▶ _Data shown_

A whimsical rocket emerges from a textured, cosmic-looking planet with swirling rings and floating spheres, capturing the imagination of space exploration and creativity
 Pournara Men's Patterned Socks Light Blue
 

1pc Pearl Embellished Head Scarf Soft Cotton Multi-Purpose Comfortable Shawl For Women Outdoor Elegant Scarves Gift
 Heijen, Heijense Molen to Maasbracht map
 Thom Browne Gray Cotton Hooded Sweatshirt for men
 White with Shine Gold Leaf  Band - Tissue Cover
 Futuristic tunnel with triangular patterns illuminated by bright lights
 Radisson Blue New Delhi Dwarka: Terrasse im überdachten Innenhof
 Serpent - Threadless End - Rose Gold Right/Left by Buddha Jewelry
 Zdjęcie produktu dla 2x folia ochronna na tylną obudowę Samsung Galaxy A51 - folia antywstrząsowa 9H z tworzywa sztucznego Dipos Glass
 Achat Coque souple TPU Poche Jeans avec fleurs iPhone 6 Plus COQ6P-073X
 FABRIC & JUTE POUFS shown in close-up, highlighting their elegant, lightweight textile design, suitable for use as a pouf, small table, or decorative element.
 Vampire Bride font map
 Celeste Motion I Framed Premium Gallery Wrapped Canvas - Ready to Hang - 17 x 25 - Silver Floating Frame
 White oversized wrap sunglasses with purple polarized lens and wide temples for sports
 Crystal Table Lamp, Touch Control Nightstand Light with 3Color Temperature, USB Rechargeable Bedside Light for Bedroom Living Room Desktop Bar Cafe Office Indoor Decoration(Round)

▶ _Assignment_
Reproduce only the lines above, starting at the line with "Futuristic tunnel with" and ending at the line with "White oversized wrap", exactly as written.

▶ _Response_
 Futuristic tunnel with triangular patterns illuminated by bright lights
 Radisson Blue New Delhi Dwarka: Terrasse im überdachten Innenhof
 Serpent - Threadless End - Rose Gold Right/Left by Buddha Jewelry
 Zdjęcie produktu dla 2x folia ochronna na tylną obudowę Samsung Galaxy A51 - folia antywstrząsowa 9H z tworzywa sztucznego Dipos Glass
 Achat Coque souple TPU Poche Jeans avec fleurs iPhone 6 Plus COQ6P-073X
 FABRIC & JUTE POUFS shown in close-up, highlighting their elegant, lightweight textile design, suitable for use as a pouf, small table, or decorative element.
 Vampire Bride font map
 Celeste Motion I Framed Premium Gallery Wrapped Canvas - Ready to Hang - 17 x 25 - Silver Floating Frame
 White oversized wrap sunglasses with purple polarized lens and wide temples for sports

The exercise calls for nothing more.